Supplied data below:

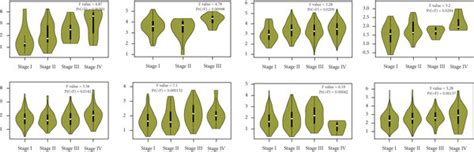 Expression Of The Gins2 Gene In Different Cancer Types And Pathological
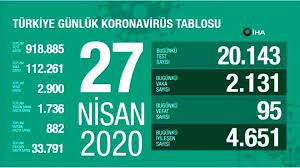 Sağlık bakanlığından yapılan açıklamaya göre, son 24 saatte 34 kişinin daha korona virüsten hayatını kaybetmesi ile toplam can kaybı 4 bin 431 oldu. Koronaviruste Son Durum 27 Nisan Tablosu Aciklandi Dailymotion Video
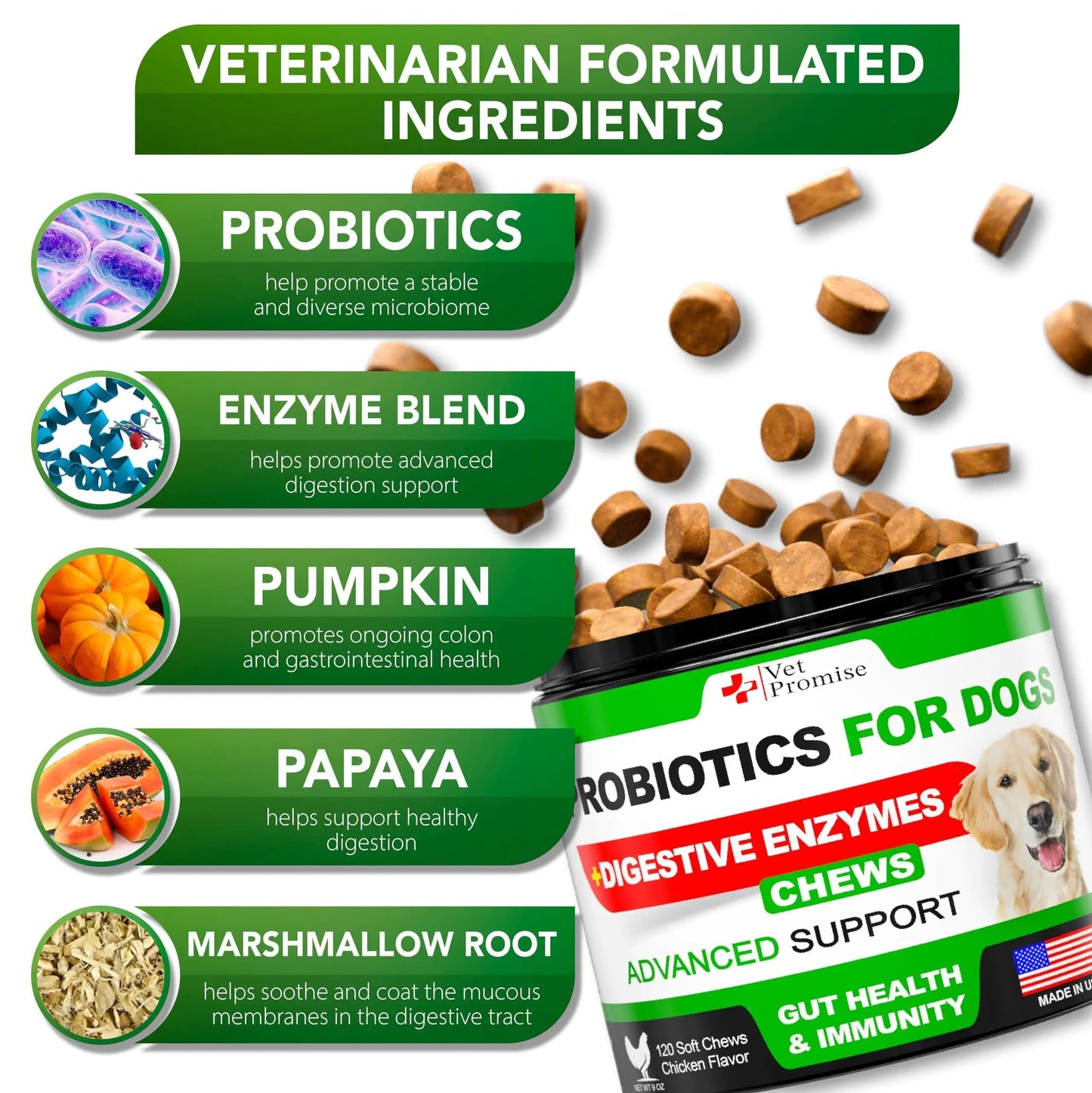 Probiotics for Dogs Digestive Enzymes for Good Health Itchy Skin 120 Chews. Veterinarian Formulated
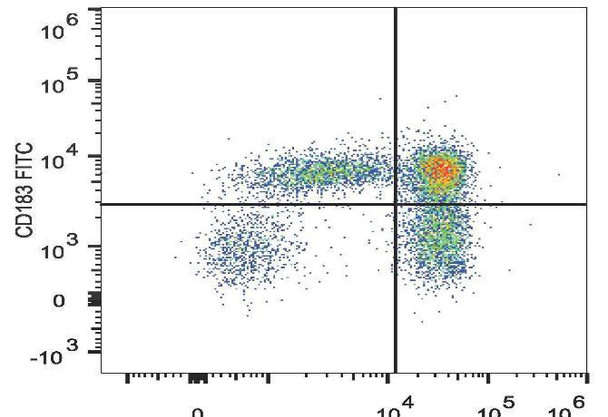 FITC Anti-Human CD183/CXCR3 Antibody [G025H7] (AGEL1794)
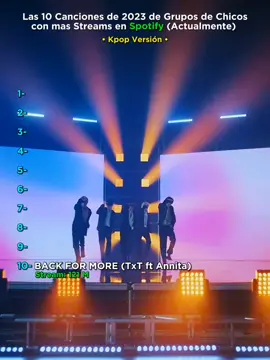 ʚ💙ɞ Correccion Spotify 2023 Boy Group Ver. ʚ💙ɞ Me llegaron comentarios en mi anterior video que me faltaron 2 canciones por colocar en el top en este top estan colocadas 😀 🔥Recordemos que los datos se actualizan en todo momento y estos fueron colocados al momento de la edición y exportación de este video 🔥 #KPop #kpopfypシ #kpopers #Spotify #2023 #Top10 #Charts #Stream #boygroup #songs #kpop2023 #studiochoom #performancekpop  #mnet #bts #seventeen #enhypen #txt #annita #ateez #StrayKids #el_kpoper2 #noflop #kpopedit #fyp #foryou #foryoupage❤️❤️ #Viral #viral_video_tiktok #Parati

End of Supplied data.

▶ [Task objective] Set down the entries above again exactly, minus any image.

▶ [Response to the task]
 Expression Of The Gins2 Gene In Different Cancer Types And Pathological
 Sağlık bakanlığından yapılan açıklamaya göre, son 24 saatte 34 kişinin daha korona virüsten hayatını kaybetmesi ile toplam can kaybı 4 bin 431 oldu. Koronaviruste Son Durum 27 Nisan Tablosu Aciklandi Dailymotion Video
 Probiotics for Dogs Digestive Enzymes for Good Health Itchy Skin 120 Chews. Veterinarian Formulated
 FITC Anti-Human CD183/CXCR3 Antibody [G025H7] (AGEL1794)
 ʚ💙ɞ Correccion Spotify 2023 Boy Group Ver. ʚ💙ɞ Me llegaron comentarios en mi anterior video que me faltaron 2 canciones por colocar en el top en este top estan colocadas 😀 🔥Recordemos que los datos se actualizan en todo momento y estos fueron colocados al momento de la edición y exportación de este video 🔥 #KPop #kpopfypシ #kpopers #Spotify #2023 #Top10 #Charts #Stream #boygroup #songs #kpop2023 #studiochoom #performancekpop  #mnet #bts #seventeen #enhypen #txt #annita #ateez #StrayKids #el_kpoper2 #noflop #kpopedit #fyp #foryou #foryoupage❤️❤️ #Viral #viral_video_tiktok #Parati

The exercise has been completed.